• _Task prompt_
In the entries below, find the line with "Personalised PNG Southern" and the line with "Snowflake Multi-Tool –". Repeat exactly everything between them, those two lines included, but not the pictures.

• _Data shown_

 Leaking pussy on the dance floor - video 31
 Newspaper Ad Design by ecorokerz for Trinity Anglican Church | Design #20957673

...

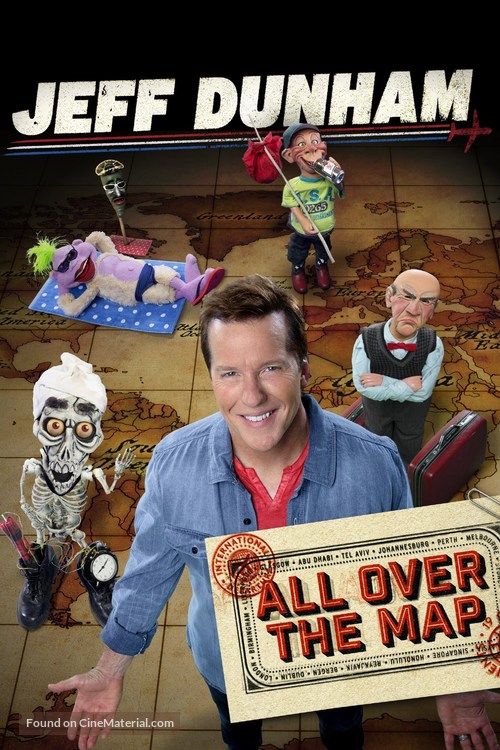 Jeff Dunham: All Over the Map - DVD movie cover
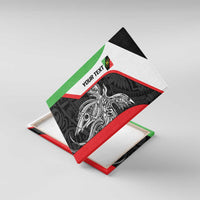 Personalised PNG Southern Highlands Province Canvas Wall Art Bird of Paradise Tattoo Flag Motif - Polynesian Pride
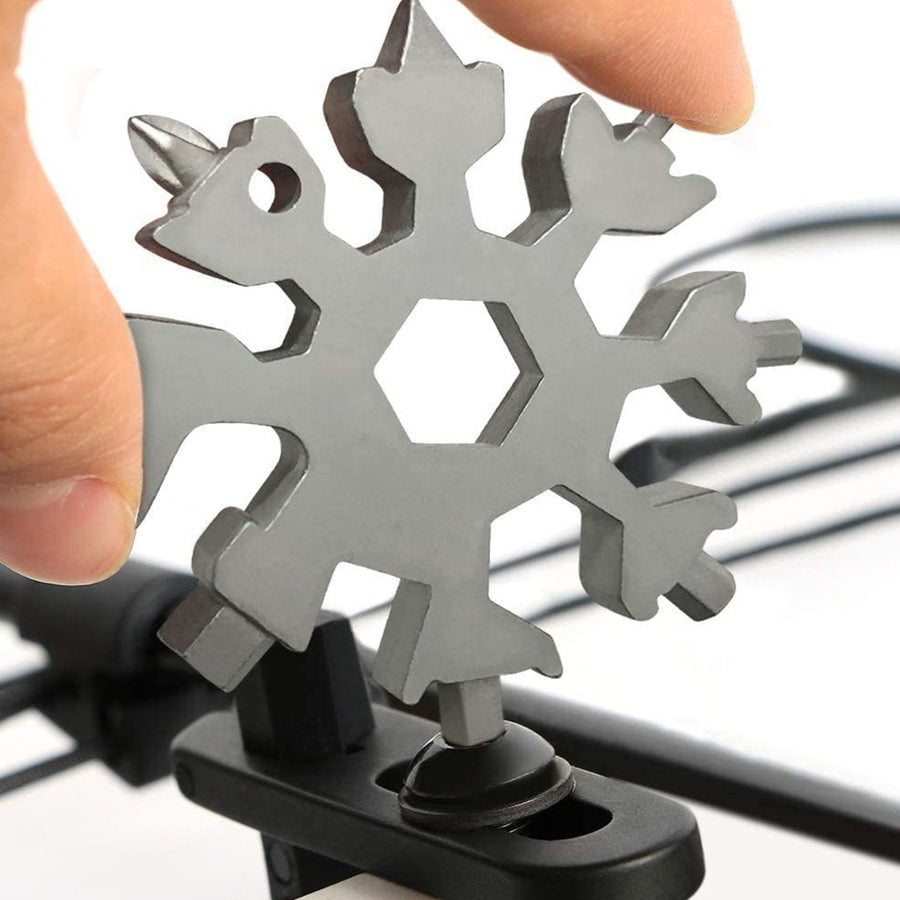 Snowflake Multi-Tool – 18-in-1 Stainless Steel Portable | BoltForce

• _Solution for this problem_
 Personalised PNG Southern Highlands Province Canvas Wall Art Bird of Paradise Tattoo Flag Motif - Polynesian Pride
 Snowflake Multi-Tool – 18-in-1 Stainless Steel Portable | BoltForce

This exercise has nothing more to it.